> _INPUT FOR THIS TASK_:
******

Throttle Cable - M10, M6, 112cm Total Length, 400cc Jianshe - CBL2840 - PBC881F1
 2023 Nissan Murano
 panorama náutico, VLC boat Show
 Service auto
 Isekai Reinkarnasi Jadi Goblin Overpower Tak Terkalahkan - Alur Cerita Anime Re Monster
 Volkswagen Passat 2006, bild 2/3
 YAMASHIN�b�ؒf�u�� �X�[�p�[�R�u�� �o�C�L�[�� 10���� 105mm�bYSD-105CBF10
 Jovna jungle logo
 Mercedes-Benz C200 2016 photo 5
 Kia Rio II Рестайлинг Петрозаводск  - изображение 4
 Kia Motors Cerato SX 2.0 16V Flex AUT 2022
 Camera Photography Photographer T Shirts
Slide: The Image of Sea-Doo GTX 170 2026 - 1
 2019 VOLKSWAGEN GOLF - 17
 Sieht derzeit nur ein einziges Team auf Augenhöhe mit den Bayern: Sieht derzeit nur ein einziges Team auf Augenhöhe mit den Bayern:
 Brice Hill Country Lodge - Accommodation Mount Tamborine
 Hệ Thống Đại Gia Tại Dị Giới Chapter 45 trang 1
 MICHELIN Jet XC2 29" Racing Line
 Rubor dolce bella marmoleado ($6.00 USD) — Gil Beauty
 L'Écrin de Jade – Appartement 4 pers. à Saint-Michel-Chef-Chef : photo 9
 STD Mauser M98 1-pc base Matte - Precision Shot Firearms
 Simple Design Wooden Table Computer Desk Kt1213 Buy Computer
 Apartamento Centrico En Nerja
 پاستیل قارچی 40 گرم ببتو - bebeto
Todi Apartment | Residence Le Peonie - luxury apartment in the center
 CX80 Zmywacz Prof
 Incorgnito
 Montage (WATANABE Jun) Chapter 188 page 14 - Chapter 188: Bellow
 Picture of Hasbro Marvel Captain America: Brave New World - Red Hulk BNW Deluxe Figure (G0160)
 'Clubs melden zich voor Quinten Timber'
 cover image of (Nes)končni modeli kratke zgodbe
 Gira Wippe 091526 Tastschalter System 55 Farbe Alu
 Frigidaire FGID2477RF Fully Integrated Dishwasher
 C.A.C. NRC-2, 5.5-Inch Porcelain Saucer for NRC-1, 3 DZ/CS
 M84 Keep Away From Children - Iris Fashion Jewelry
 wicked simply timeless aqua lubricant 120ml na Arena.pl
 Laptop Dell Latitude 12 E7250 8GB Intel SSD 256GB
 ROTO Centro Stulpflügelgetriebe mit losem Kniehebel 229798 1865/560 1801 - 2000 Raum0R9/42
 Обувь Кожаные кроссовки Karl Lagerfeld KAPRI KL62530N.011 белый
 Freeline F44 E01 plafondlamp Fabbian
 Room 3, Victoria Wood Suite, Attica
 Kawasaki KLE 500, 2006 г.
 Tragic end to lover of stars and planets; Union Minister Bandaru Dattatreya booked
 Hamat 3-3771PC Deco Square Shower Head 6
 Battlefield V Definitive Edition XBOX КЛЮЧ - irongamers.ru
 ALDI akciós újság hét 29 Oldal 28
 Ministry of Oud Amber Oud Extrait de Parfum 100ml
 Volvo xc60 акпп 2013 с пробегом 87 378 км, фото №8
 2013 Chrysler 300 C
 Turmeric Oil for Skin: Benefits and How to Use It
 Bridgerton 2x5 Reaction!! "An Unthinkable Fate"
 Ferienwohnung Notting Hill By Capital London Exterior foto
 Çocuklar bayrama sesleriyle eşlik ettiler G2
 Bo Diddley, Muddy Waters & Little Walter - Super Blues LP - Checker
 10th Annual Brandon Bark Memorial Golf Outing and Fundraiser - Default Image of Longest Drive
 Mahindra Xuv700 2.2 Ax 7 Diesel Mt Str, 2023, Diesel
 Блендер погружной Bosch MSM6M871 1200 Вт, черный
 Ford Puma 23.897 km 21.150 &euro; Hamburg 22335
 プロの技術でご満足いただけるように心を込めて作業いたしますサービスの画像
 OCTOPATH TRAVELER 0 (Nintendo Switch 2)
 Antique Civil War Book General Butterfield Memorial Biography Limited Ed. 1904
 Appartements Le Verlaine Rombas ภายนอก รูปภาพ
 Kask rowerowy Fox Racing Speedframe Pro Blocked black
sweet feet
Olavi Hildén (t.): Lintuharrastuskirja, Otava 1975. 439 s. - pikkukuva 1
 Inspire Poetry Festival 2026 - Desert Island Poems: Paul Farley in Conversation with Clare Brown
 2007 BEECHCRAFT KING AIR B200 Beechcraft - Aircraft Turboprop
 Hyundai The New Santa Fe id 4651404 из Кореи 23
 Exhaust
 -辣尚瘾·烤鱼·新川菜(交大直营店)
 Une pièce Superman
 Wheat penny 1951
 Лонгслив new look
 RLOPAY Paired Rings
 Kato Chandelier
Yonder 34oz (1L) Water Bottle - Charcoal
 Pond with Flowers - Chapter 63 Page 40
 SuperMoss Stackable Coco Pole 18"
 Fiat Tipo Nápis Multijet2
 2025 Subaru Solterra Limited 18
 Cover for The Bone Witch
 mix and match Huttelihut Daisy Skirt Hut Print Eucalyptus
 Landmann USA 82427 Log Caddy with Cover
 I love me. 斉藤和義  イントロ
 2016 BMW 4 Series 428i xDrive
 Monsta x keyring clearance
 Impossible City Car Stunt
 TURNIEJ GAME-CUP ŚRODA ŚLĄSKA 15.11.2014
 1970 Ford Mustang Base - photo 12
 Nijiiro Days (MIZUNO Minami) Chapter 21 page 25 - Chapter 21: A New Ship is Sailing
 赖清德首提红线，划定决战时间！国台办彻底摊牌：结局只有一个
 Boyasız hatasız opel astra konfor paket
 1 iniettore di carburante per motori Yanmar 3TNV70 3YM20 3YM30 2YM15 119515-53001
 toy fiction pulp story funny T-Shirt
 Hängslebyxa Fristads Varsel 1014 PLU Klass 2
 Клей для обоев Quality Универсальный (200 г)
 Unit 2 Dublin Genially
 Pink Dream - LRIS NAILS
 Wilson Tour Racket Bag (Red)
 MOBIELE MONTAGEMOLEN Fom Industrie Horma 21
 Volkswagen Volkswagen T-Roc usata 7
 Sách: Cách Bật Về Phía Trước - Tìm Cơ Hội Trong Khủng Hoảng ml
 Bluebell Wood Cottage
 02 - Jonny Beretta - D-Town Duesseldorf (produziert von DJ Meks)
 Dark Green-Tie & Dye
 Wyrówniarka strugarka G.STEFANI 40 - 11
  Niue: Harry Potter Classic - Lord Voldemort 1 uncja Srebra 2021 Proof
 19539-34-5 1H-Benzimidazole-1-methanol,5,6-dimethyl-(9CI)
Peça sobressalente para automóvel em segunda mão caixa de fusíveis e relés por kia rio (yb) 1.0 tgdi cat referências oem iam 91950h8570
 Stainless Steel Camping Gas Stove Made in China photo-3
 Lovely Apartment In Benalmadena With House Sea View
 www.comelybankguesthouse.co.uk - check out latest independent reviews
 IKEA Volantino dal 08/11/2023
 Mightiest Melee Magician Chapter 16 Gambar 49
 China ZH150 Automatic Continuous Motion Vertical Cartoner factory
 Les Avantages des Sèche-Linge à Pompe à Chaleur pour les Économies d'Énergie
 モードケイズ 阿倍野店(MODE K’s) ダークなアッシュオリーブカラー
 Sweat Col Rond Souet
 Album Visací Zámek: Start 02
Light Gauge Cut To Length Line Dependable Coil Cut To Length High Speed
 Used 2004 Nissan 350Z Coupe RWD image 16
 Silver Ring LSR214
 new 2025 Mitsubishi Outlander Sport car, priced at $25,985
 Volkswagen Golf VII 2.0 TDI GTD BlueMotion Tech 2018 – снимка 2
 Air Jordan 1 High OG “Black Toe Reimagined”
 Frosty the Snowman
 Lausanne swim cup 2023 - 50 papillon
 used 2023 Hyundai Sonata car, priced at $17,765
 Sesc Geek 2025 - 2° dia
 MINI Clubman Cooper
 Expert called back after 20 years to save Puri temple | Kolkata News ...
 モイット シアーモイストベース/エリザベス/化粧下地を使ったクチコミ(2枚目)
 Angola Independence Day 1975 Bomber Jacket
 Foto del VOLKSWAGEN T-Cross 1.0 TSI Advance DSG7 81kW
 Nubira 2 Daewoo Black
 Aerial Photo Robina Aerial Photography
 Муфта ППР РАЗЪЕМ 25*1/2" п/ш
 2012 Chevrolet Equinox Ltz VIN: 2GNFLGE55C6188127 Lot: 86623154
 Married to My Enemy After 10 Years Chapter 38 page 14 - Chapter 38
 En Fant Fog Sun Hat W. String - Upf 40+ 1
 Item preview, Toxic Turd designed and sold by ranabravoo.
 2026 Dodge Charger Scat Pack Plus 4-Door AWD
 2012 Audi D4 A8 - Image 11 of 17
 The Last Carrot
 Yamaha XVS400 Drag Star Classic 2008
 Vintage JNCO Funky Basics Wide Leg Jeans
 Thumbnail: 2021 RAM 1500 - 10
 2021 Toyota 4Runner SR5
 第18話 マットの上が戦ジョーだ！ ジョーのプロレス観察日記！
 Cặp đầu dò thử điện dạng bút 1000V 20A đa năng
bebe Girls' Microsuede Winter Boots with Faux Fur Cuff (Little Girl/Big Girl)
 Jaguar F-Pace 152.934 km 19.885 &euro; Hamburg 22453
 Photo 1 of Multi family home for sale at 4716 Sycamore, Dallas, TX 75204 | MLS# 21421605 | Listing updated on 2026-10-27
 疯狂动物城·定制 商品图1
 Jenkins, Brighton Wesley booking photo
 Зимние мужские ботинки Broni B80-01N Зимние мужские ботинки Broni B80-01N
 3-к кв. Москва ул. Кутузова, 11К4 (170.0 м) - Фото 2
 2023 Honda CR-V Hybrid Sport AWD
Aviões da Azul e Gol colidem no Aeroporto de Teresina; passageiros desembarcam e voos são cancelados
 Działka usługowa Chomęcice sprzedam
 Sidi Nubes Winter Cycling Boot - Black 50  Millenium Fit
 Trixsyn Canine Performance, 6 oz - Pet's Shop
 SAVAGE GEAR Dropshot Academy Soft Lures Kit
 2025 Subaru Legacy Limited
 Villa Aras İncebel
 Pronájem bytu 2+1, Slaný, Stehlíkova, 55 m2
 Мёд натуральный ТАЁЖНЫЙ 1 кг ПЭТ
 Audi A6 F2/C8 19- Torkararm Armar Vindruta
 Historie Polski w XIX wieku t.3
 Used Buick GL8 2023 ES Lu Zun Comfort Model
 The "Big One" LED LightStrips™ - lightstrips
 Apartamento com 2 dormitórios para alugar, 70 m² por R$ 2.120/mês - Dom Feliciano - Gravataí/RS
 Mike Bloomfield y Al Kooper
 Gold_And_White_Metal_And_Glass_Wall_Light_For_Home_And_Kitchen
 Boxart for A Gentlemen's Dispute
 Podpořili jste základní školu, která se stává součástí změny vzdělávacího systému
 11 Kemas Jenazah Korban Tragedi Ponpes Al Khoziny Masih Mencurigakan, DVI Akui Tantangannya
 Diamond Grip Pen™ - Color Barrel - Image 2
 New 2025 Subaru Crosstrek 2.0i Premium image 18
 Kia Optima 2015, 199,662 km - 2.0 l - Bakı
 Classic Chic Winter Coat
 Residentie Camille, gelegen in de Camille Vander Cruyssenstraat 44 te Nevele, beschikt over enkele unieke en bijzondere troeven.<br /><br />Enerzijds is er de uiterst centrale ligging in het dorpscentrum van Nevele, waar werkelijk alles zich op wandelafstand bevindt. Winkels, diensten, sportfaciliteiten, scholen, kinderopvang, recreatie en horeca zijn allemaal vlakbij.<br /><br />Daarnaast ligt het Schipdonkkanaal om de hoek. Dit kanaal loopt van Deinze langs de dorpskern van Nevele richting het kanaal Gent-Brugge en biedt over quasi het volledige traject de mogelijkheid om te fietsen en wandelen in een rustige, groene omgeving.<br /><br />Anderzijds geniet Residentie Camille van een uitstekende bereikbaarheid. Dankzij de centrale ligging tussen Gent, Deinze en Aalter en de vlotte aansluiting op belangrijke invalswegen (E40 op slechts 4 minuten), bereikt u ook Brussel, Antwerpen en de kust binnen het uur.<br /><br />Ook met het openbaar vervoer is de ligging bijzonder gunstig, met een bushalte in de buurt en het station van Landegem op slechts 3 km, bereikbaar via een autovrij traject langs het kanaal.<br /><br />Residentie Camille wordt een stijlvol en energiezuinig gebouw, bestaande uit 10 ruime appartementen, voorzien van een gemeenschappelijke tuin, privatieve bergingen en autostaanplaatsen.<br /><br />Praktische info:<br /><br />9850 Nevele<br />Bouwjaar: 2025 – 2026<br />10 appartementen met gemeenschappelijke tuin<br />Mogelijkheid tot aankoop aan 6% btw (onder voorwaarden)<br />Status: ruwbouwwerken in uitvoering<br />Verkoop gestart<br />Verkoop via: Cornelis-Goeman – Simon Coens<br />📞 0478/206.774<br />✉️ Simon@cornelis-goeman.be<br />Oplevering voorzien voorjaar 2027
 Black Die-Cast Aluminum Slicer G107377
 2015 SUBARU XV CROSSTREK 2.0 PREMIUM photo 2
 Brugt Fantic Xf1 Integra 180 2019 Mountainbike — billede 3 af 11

******

Look above for the line with "Kask rowerowy Fox" and the line with "19539-34-5 1H-Benzimidazole-1-methanol,5,6-dimethyl-(9CI)"; transcribe both and all lines in between, exactly, and nothing else.

> _RESPONSE AREA_:
 Kask rowerowy Fox Racing Speedframe Pro Blocked black
sweet feet
Olavi Hildén (t.): Lintuharrastuskirja, Otava 1975. 439 s. - pikkukuva 1
 Inspire Poetry Festival 2026 - Desert Island Poems: Paul Farley in Conversation with Clare Brown
 2007 BEECHCRAFT KING AIR B200 Beechcraft - Aircraft Turboprop
 Hyundai The New Santa Fe id 4651404 из Кореи 23
 Exhaust
 -辣尚瘾·烤鱼·新川菜(交大直营店)
 Une pièce Superman
 Wheat penny 1951
 Лонгслив new look
 RLOPAY Paired Rings
 Kato Chandelier
Yonder 34oz (1L) Water Bottle - Charcoal
 Pond with Flowers - Chapter 63 Page 40
 SuperMoss Stackable Coco Pole 18"
 Fiat Tipo Nápis Multijet2
 2025 Subaru Solterra Limited 18
 Cover for The Bone Witch
 mix and match Huttelihut Daisy Skirt Hut Print Eucalyptus
 Landmann USA 82427 Log Caddy with Cover
 I love me. 斉藤和義  イントロ
 2016 BMW 4 Series 428i xDrive
 Monsta x keyring clearance
 Impossible City Car Stunt
 TURNIEJ GAME-CUP ŚRODA ŚLĄSKA 15.11.2014
 1970 Ford Mustang Base - photo 12
 Nijiiro Days (MIZUNO Minami) Chapter 21 page 25 - Chapter 21: A New Ship is Sailing
 赖清德首提红线，划定决战时间！国台办彻底摊牌：结局只有一个
 Boyasız hatasız opel astra konfor paket
 1 iniettore di carburante per motori Yanmar 3TNV70 3YM20 3YM30 2YM15 119515-53001
 toy fiction pulp story funny T-Shirt
 Hängslebyxa Fristads Varsel 1014 PLU Klass 2
 Клей для обоев Quality Универсальный (200 г)
 Unit 2 Dublin Genially
 Pink Dream - LRIS NAILS
 Wilson Tour Racket Bag (Red)
 MOBIELE MONTAGEMOLEN Fom Industrie Horma 21
 Volkswagen Volkswagen T-Roc usata 7
 Sách: Cách Bật Về Phía Trước - Tìm Cơ Hội Trong Khủng Hoảng ml
 Bluebell Wood Cottage
 02 - Jonny Beretta - D-Town Duesseldorf (produziert von DJ Meks)
 Dark Green-Tie & Dye
 Wyrówniarka strugarka G.STEFANI 40 - 11
  Niue: Harry Potter Classic - Lord Voldemort 1 uncja Srebra 2021 Proof
 19539-34-5 1H-Benzimidazole-1-methanol,5,6-dimethyl-(9CI)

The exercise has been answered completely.